Every line below from the one containing "Dresser And Nightstand And Vanity" through the one containing "Ovos com gema" must be transcribed exactly. Omit all lines outside that stretch.

#### RECORDS SUPPLIED

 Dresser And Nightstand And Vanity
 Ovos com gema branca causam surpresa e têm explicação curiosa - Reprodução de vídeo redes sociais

########
#### RECORDS SUPPLIED

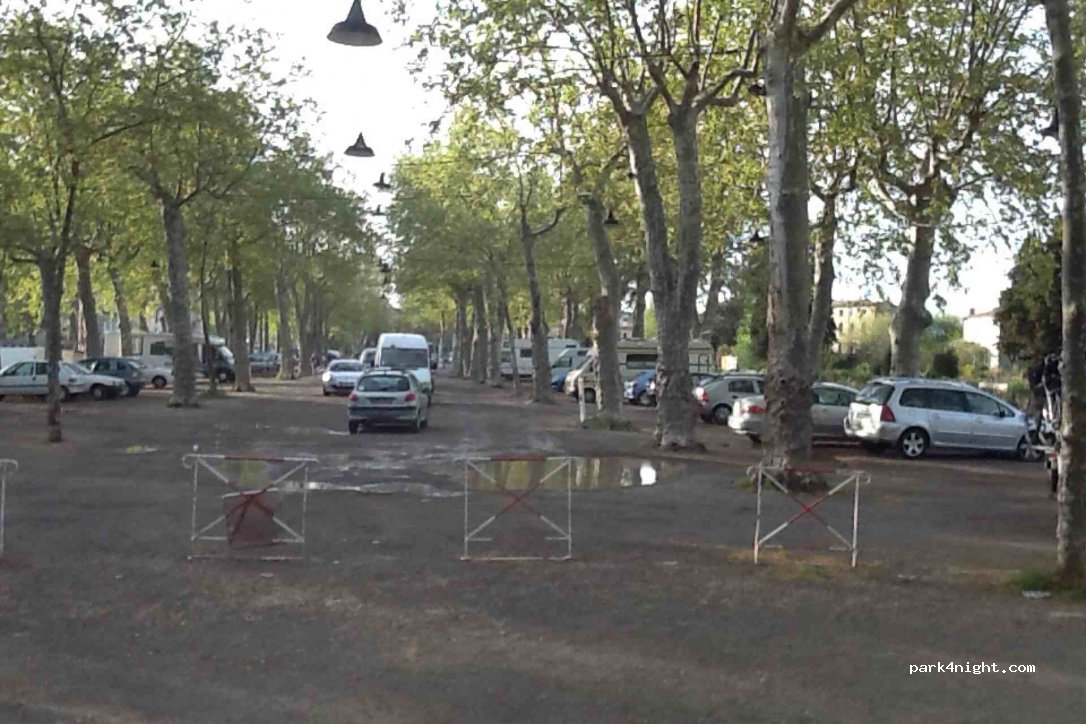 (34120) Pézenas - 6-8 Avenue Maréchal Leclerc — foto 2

########
#### RECORDS SUPPLIED

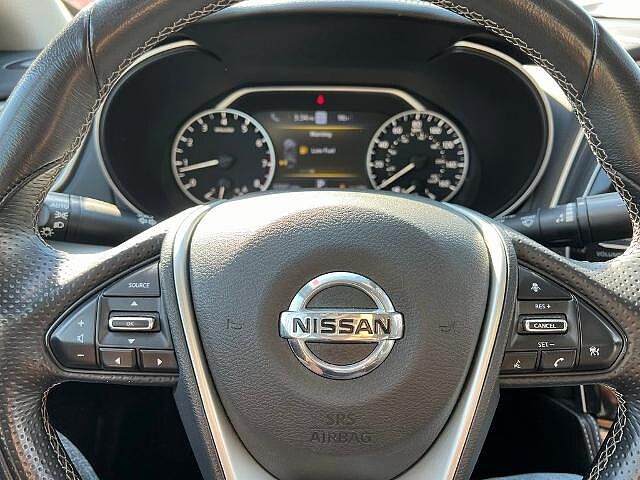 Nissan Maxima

########

- YOUR RESPONSE:
 Dresser And Nightstand And Vanity
 Ovos com gema branca causam surpresa e têm explicação curiosa - Reprodução de vídeo redes sociais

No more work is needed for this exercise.